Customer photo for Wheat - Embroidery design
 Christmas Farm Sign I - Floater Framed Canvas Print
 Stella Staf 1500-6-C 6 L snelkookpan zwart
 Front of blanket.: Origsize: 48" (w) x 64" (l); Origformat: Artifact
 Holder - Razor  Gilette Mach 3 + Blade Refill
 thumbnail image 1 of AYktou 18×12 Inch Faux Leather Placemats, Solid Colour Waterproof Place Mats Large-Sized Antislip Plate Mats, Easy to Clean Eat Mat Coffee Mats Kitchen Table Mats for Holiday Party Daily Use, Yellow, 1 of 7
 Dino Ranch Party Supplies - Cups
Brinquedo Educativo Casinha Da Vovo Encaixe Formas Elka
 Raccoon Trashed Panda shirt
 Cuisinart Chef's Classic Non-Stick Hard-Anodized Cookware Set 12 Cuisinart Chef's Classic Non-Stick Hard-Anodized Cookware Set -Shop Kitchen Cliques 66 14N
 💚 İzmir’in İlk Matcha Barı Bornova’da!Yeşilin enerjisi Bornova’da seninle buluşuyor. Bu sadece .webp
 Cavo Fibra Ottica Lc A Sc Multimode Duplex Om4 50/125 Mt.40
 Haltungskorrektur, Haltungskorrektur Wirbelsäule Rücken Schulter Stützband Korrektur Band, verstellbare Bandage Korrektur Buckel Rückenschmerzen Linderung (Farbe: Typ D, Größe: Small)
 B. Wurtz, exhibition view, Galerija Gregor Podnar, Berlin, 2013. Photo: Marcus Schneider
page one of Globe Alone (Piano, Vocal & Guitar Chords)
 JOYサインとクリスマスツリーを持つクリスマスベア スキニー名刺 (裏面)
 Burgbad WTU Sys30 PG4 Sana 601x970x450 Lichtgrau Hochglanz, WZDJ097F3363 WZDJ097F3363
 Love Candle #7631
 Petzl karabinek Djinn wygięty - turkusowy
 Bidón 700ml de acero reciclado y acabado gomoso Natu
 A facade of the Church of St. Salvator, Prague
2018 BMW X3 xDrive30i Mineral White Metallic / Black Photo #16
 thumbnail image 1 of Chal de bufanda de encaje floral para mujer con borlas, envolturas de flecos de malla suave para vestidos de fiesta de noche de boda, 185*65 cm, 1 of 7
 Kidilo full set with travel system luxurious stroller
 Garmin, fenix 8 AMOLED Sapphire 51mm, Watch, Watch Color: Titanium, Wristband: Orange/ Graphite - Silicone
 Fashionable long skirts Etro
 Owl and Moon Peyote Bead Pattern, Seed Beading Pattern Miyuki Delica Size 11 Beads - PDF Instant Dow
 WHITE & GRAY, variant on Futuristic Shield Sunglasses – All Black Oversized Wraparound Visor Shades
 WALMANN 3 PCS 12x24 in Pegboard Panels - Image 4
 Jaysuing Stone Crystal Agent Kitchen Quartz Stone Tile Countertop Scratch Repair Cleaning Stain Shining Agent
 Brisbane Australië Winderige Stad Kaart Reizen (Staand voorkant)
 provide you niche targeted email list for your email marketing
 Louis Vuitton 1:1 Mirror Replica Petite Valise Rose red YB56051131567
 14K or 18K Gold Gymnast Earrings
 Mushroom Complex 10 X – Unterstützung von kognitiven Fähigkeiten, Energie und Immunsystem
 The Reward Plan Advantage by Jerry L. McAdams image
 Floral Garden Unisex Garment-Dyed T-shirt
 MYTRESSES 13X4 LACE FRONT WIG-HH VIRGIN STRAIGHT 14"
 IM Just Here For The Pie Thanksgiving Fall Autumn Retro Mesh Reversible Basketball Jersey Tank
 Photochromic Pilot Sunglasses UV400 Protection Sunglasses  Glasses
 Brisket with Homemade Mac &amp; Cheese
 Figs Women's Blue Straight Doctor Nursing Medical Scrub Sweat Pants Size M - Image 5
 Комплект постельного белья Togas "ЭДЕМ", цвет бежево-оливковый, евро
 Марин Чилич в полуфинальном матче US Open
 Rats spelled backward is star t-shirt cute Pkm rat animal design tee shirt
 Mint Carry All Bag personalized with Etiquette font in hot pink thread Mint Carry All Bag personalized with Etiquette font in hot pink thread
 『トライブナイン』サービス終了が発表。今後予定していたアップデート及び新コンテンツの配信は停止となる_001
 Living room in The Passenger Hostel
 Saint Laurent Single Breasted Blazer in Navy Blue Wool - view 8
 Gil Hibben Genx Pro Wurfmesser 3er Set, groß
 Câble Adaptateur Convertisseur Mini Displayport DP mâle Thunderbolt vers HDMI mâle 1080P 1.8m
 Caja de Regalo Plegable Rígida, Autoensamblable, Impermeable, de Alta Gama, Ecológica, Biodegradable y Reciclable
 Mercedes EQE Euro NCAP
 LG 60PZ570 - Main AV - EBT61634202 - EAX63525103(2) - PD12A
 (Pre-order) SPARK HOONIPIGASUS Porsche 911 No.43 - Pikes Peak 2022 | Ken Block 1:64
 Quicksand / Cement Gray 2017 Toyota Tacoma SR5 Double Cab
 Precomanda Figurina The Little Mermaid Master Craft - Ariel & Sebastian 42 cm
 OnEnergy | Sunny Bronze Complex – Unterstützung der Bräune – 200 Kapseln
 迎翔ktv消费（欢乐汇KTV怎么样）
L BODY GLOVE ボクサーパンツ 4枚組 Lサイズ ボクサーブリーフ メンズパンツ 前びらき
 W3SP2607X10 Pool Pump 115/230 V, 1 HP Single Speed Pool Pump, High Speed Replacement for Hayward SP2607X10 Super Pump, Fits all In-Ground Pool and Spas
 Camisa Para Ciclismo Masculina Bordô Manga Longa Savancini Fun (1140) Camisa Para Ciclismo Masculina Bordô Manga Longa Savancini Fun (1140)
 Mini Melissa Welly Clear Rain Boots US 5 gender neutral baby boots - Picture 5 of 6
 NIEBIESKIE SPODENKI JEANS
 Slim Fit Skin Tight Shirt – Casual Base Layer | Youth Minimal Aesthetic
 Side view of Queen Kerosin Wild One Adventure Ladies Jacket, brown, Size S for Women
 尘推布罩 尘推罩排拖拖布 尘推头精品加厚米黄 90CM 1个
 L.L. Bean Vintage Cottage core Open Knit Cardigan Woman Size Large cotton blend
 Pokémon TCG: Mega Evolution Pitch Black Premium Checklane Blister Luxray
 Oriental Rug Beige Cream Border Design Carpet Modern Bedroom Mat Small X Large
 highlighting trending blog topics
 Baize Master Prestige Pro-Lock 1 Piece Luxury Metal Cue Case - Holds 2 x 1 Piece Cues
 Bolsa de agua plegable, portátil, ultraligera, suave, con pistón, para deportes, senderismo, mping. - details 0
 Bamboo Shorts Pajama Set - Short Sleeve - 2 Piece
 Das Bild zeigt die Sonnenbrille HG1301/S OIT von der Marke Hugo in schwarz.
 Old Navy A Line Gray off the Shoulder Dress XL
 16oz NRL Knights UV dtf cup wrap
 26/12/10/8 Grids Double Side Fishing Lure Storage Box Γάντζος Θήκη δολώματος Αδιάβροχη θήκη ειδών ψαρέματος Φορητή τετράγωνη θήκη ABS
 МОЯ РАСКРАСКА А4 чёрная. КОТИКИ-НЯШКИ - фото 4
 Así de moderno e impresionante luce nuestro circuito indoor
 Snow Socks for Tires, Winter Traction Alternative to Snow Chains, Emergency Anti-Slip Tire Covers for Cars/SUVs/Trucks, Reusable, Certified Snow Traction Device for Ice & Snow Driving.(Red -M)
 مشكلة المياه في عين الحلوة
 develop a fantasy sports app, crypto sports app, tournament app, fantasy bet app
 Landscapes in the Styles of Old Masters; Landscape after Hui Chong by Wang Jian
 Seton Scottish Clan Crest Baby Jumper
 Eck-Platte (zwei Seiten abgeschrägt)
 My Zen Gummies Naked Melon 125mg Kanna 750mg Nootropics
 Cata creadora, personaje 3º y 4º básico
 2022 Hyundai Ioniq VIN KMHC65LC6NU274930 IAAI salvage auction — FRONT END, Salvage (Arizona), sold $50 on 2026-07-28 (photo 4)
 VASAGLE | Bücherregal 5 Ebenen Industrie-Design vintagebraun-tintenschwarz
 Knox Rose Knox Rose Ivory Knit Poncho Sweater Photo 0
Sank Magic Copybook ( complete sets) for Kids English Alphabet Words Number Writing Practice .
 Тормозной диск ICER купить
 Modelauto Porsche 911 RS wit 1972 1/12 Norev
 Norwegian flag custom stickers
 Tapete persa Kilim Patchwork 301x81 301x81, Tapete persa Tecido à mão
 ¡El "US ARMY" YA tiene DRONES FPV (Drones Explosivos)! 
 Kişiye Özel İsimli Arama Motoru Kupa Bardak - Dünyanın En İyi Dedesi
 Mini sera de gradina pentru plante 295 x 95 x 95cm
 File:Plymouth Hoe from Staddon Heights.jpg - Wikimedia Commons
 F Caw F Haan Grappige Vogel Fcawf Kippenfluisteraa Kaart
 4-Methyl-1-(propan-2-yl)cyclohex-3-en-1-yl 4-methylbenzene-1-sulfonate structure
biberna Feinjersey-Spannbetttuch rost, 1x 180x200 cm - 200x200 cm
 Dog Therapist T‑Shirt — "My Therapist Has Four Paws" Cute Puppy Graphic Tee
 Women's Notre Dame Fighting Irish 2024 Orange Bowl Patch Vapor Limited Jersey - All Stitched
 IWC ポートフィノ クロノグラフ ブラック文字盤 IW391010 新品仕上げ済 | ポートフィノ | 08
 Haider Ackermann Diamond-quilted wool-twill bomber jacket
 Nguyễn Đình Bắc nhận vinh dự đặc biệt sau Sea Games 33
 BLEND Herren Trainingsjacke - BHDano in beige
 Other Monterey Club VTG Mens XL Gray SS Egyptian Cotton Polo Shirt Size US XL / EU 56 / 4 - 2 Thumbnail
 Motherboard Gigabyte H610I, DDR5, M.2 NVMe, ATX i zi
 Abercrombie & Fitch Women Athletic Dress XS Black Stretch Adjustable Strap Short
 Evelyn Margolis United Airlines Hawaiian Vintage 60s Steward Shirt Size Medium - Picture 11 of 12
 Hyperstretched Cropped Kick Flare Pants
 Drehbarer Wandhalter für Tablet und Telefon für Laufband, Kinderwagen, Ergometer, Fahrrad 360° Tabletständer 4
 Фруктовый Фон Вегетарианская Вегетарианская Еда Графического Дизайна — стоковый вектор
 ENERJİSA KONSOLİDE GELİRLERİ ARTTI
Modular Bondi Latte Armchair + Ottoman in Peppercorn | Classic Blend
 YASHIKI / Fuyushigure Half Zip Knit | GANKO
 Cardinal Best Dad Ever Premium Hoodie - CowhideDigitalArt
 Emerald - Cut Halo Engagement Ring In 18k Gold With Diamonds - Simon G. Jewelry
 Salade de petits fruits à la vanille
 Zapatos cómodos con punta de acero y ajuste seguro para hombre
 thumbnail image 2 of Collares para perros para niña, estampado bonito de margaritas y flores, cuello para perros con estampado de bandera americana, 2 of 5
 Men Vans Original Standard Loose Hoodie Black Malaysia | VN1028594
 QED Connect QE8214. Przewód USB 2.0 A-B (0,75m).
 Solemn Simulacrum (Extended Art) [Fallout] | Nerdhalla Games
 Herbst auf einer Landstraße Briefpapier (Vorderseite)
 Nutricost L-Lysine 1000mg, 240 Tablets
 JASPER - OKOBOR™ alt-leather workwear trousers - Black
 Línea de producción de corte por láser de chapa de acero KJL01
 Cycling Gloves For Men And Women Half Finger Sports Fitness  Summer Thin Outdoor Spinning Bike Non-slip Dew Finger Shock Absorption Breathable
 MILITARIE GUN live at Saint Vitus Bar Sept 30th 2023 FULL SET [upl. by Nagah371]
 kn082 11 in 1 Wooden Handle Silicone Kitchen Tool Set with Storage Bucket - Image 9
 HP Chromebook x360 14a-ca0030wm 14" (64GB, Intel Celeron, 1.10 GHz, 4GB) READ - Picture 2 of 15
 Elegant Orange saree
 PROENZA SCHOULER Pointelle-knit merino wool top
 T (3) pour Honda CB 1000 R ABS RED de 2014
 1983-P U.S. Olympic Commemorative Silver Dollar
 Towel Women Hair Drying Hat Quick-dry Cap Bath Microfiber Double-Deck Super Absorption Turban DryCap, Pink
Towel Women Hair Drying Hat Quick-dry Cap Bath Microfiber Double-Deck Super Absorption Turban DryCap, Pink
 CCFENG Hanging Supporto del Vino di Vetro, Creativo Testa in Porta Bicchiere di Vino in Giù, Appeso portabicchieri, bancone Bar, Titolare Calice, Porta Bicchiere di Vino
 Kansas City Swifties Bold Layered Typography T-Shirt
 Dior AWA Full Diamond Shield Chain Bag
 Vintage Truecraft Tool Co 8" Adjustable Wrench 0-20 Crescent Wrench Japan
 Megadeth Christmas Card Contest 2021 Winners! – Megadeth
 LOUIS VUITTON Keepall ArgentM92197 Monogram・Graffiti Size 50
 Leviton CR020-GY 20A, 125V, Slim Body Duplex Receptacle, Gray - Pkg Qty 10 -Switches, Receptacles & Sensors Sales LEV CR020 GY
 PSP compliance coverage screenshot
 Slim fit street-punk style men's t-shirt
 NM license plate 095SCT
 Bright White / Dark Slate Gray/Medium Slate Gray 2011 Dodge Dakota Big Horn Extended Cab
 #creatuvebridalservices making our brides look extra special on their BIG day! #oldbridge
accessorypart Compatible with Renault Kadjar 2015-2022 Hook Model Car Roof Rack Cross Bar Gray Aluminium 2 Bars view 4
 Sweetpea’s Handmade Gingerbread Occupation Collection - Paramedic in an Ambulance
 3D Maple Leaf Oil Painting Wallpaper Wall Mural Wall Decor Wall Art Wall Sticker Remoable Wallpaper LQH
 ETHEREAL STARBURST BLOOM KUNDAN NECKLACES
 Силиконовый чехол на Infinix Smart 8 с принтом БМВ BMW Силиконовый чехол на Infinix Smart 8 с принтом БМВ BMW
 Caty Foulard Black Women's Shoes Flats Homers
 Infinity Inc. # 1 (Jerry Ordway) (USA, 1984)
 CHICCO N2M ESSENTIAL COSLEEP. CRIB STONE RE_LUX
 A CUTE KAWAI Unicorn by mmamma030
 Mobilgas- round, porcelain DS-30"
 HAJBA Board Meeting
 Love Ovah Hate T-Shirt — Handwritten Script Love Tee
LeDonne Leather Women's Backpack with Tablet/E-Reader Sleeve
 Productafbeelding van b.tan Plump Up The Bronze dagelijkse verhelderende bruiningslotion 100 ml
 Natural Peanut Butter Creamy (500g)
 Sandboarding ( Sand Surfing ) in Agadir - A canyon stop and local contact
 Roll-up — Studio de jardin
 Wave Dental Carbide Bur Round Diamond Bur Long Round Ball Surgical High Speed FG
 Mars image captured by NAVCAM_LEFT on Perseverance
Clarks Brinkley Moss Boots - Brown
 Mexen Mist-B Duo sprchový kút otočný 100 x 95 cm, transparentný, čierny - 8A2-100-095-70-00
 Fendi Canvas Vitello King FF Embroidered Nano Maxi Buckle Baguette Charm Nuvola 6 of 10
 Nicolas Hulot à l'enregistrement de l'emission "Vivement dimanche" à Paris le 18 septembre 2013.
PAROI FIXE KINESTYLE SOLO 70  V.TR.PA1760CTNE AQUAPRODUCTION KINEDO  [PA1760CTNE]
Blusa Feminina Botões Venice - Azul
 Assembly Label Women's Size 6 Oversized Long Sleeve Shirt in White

## INSTRUCTIONS TO FOLLOW:
Quote the records from their first line to the line with "Dino Ranch Party Supplies - Cups", inclusive, without adding or dropping anything.

## RESPONSE FOR THIS EXERCISE:
Customer photo for Wheat - Embroidery design
 Christmas Farm Sign I - Floater Framed Canvas Print
 Stella Staf 1500-6-C 6 L snelkookpan zwart
 Front of blanket.: Origsize: 48" (w) x 64" (l); Origformat: Artifact
 Holder - Razor  Gilette Mach 3 + Blade Refill
 thumbnail image 1 of AYktou 18×12 Inch Faux Leather Placemats, Solid Colour Waterproof Place Mats Large-Sized Antislip Plate Mats, Easy to Clean Eat Mat Coffee Mats Kitchen Table Mats for Holiday Party Daily Use, Yellow, 1 of 7
 Dino Ranch Party Supplies - Cups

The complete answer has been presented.